The cell doors swing open. The chains come loose. But those prisoners aren’t going anywhere. They know they are in the presence of God! And Jake – the Jailer – in seeing this, knows that there is something going on here that has somehow spared his life. That’s when Paul tells him about Jesus. And Jake believes.
But wait. Let’s go back to the day before. Why were Paul and Silas thrown into the hoosegow in the first place? Because of a complaint filed by the Philippian Chamber of Commerce accusing Paul and Silas of wrecking a local business. This businessperson owned a little slave girl. She was possessed by a demon that enabled her to tell the future. The one who owned her was making a mint off her. She was his cash cow – that is, until Paul and Silas cast the demon out of her and set her free from demonic influence. She lost the ability to tell the future. She was healed, but her owner was outraged. So accusations were brought against them, and that’s how they got thrown in jail.
But how did they get to Philippi in the first place? Well, weeks earlier, while Paul slept, God gave Paul a vision. In it a man from Macedonia appeared – where Philippi is located - begging him to come and help. I wonder if the man in the vision could have been the guardian angel of…Jake the Jailer?

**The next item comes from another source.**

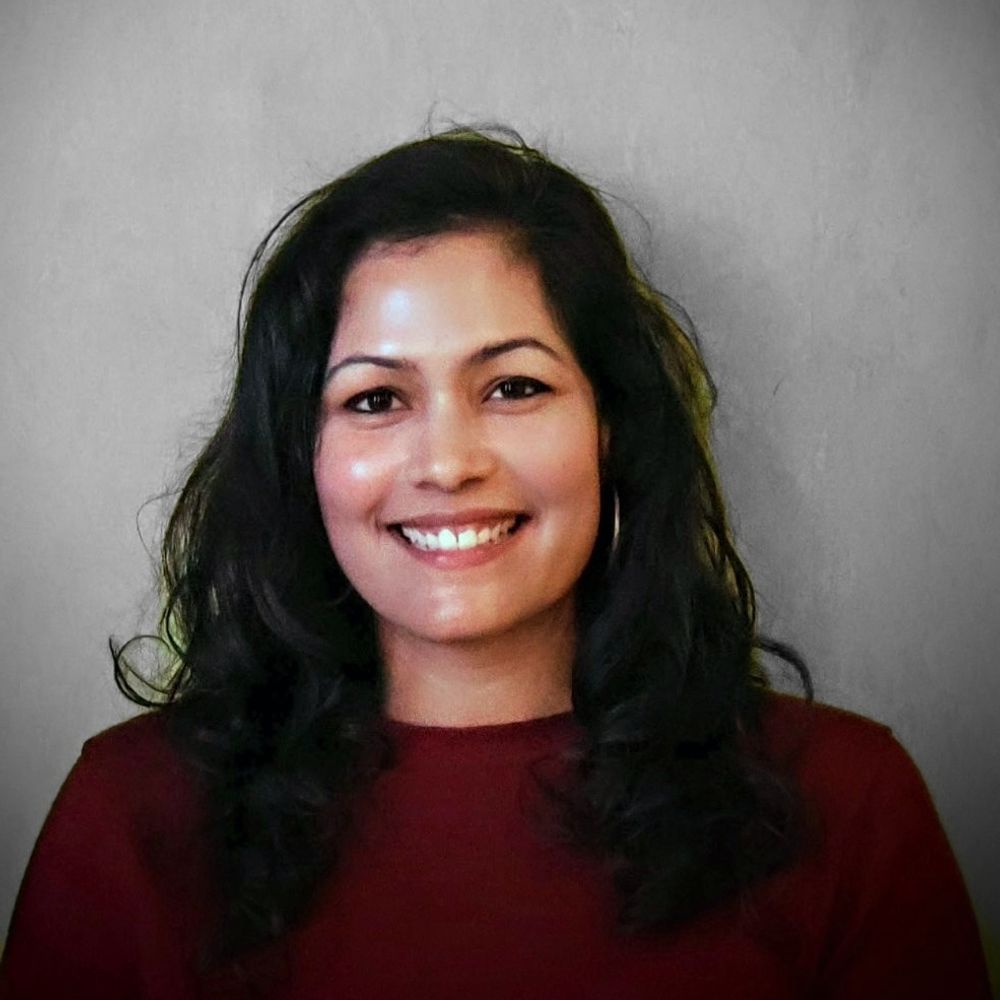 Vaishnavi Ananthanarayanan (She/Her)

We’ll never know, of course. But here’s what we do know by reading this story backwards: Jake the Jailer was saved by a whole series of strange and wonderful events - events that defy logic, that are beyond explanation, that don’t fit neatly into the ordered categories of human reason. Because, you see, this faith of ours ultimately is not about us.
It is about God. God-at-work, saving and redeeming His children. Quietly working behind the scenes of life to bring about His will, and our good.
We may think we have this religious thing all figured out. We may think it’s all about us – our decisions, our actions, our efforts.
But then someone like Jake gets saved! And we see that salvation has come to him through a series of visions, chance meetings, jail sentences, hymn-singing, earthquakes, and even the simple invitation to believe in Jesus – believe in His love – believe in His forgiveness – believe in His power to save us from ourselves and to lead us to new life. We see that God has been at work in miraculous ways.
One night long ago, I was with a dad whose baby was on the brink of death. The doctors came and said there was nothing more they could do. They encouraged the dad to say “goodbye” and to “let go.” But he would not.
“Rich,” I said, “its okay to let Robert go to God. We are people of faith. We are people of the resurrection. The doctors know what they’re saying, and you need to accept it. There is no hope.”
I’d seen this sort of thing many times before. I had it all figured out.
But Rich refused to give up. He went into the NICU and knelt beside the isolette where his little baby lay dying. I saw his lips moving in prayer.
Not long after that, a young doctor came along and said, “A thought just came to me about what might be the problem. I want to try one more thing.” They wheeled this ashen colored tiny baby out of the nursery and brought him to the operating room.
Two hours later when they wheeled him back, he was bright pink, screaming at the top of his lungs, and very, very much alive. Robert is in his 30’s now.
You see, it’s not all up to us. There is a God who loves us, and who is all the time at work shaping the future of our lives.
And sometimes – just when you think you have it all figured out – just when you come to believe that you are the general manager of the universe - God comes along in ways that defy human convention. He speaks the word of life. The earth trembles. God’s power trumps human reason.
And we find joy – just like the people of Philippi found joy the day Jake the Jailer got saved!
Go into this week now, knowing that God loves you, and surrounds you, and is at work in your life to bring you salvation and joy.